> [EXERCISE INSTRUCTIONS]: There is a line containing "UNHCR Jordan currently" in the records below. Repeat it and every line after it, exactly, through the final line, but no pictures.

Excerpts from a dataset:

┄┄┄┄┄┄┄┄┄┄

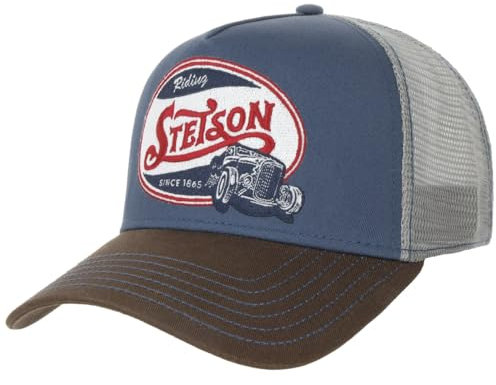 Stetson Riding Hot Rod Trucker Cap Snapback Baumwolle One Size Sommer Herren braun-blau One Size Small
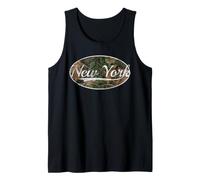 New York Vintage Camouflage Classic Throwback Theme Canotta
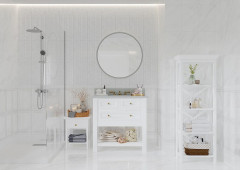 Плитка настенная 250х400х8мм Леона светлая верх Gracia, 14шт/1,4м2/уп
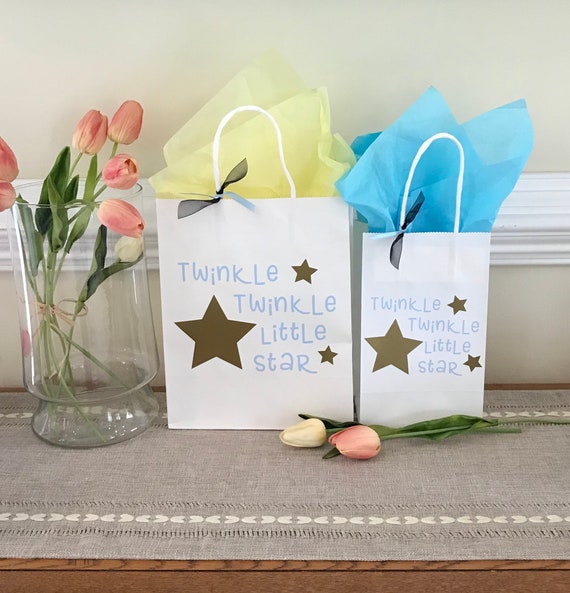 twinkle twinkle little star favor bags
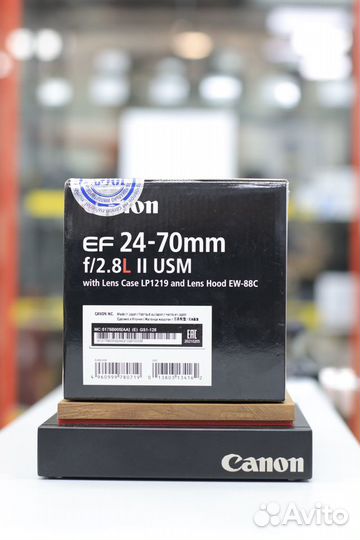 Canon EF 24-70mm F2.8 L II USM (Новый + гарантия)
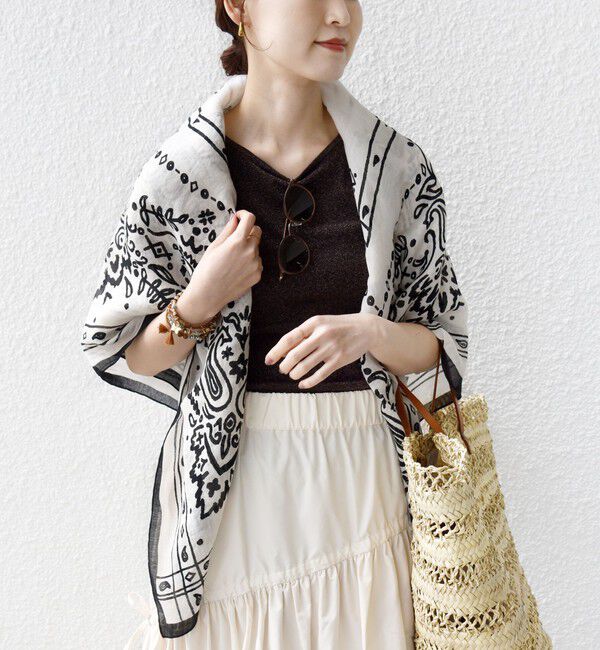 SHIPS for women「manipuri: 120*120 STOLE」|ストール|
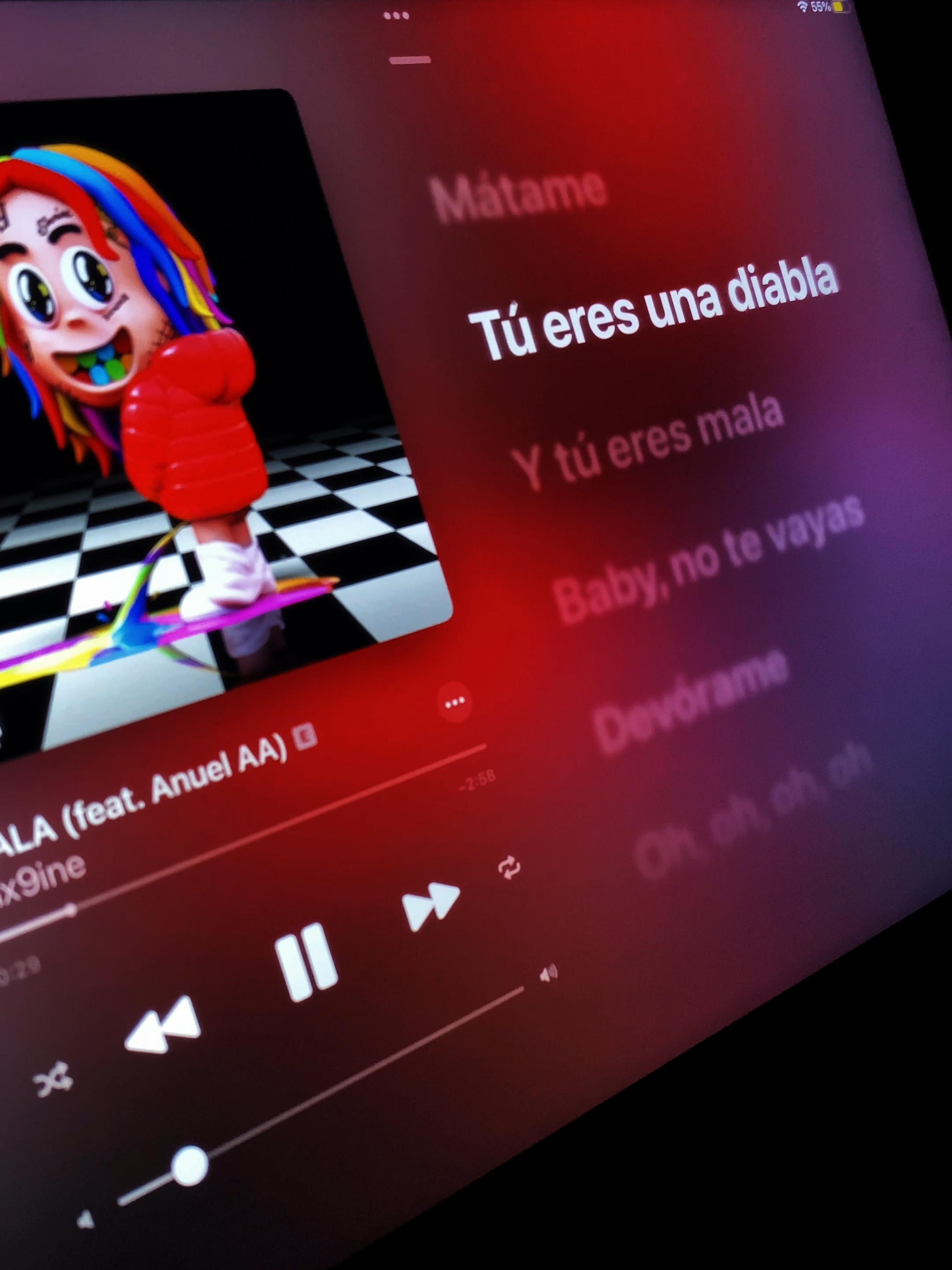 MALA - 6ix9ine feat. Anuel AA 🎶🎶 #Music #lyrics #tunes #applemusic #songs #6ix9ine #anuelaa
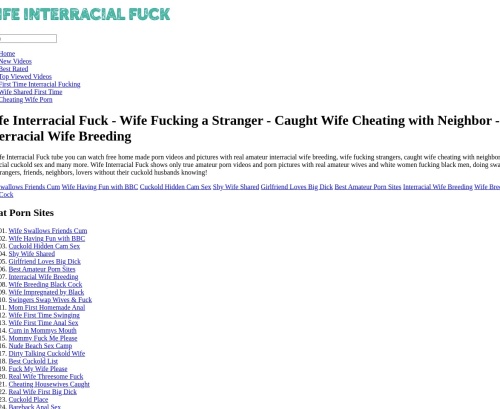 Review screenshot Wifeinterracialfuck.com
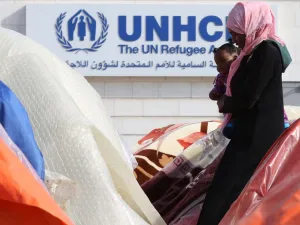UNHCR Jordan currently provides monthly cash assistance totalling around $5 million to approximately 28,500 Syrian families. (AFP/ File Photo)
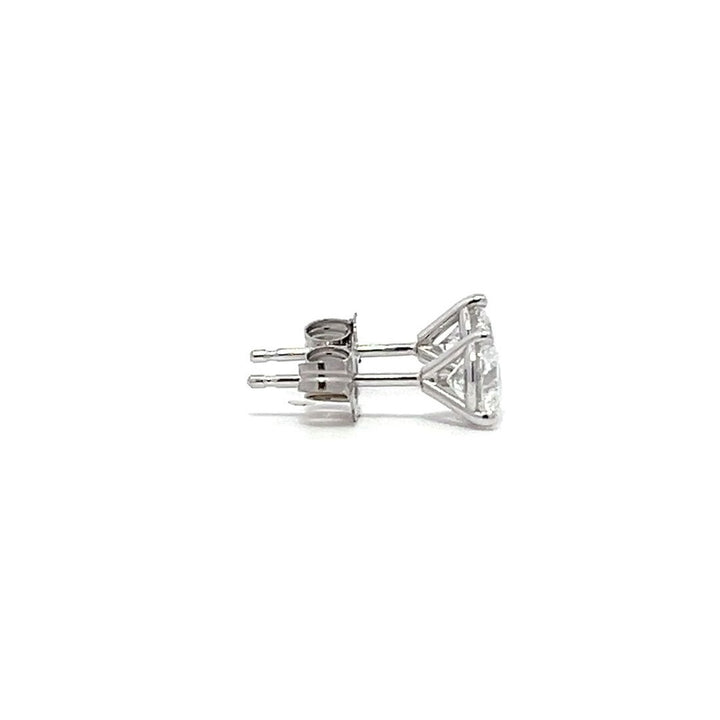 Solitaire Earrings (Martini-Set) - 14k Gold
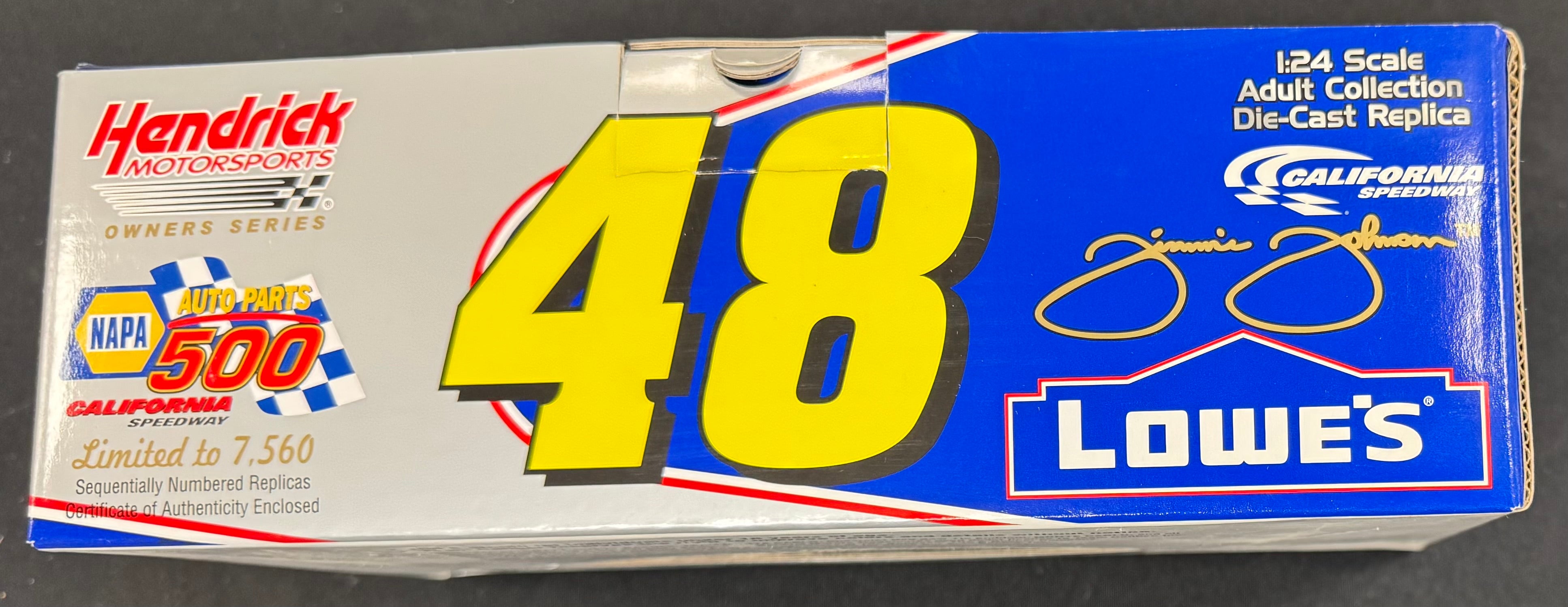 Jimmie Johnson #48 Lowe's/Napa 2002 Team Caliber 1:24 Diecast Car /7560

┄┄┄┄┄┄┄┄┄┄

> [WRITTEN RESPONSE]:
UNHCR Jordan currently provides monthly cash assistance totalling around $5 million to approximately 28,500 Syrian families. (AFP/ File Photo)
 Solitaire Earrings (Martini-Set) - 14k Gold
 Jimmie Johnson #48 Lowe's/Napa 2002 Team Caliber 1:24 Diecast Car /7560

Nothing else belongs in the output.